▼
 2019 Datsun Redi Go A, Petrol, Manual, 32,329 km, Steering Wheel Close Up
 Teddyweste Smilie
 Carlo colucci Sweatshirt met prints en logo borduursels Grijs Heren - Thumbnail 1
▲
▶ _WORK TASK_
Would you print the line containing "Teddyweste Smilie" and every line after it up to the end of the listing above, exactly, and nothing else?

▶ _RESPONSE AREA_
 Teddyweste Smilie
 Carlo colucci Sweatshirt met prints en logo borduursels Grijs Heren - Thumbnail 1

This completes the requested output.